(WHAT IS EXPECTED):
Go to the line that contains "3 rooms Apartment" and transcribe from there to the end of the entries, that line and the last one included.

--- ENTRIES PROVIDED Enclosed Below ---

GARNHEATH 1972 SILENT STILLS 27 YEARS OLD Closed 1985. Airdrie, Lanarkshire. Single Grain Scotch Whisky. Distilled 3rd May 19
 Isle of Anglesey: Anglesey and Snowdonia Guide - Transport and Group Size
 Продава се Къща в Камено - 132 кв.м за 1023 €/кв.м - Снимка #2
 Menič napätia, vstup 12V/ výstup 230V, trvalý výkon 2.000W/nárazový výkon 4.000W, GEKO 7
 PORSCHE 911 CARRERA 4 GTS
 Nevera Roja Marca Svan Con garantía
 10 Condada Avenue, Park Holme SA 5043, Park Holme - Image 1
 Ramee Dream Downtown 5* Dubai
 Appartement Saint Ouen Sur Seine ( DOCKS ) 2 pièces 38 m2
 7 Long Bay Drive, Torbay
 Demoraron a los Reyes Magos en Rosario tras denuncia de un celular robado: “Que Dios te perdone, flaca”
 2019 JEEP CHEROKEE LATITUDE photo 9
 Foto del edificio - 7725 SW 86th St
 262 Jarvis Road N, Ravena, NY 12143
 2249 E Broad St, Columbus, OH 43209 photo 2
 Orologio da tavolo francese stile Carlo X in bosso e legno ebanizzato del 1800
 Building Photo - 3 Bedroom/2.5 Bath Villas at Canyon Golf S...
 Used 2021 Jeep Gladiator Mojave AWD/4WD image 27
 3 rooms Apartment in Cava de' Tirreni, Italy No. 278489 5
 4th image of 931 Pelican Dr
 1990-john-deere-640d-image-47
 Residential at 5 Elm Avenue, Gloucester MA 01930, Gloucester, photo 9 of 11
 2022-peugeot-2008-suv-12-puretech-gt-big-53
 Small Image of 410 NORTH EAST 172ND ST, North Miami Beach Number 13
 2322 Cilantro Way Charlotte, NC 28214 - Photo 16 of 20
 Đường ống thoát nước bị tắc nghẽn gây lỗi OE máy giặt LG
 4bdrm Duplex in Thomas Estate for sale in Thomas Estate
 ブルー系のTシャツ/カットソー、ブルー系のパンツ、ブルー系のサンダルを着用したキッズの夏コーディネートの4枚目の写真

--- End of Enclosed ENTRIES PROVIDED ---

(RESULT FOR THIS TASK):
 3 rooms Apartment in Cava de' Tirreni, Italy No. 278489 5
 4th image of 931 Pelican Dr
 1990-john-deere-640d-image-47
 Residential at 5 Elm Avenue, Gloucester MA 01930, Gloucester, photo 9 of 11
 2022-peugeot-2008-suv-12-puretech-gt-big-53
 Small Image of 410 NORTH EAST 172ND ST, North Miami Beach Number 13
 2322 Cilantro Way Charlotte, NC 28214 - Photo 16 of 20
 Đường ống thoát nước bị tắc nghẽn gây lỗi OE máy giặt LG
 4bdrm Duplex in Thomas Estate for sale in Thomas Estate
 ブルー系のTシャツ/カットソー、ブルー系のパンツ、ブルー系のサンダルを着用したキッズの夏コーディネートの4枚目の写真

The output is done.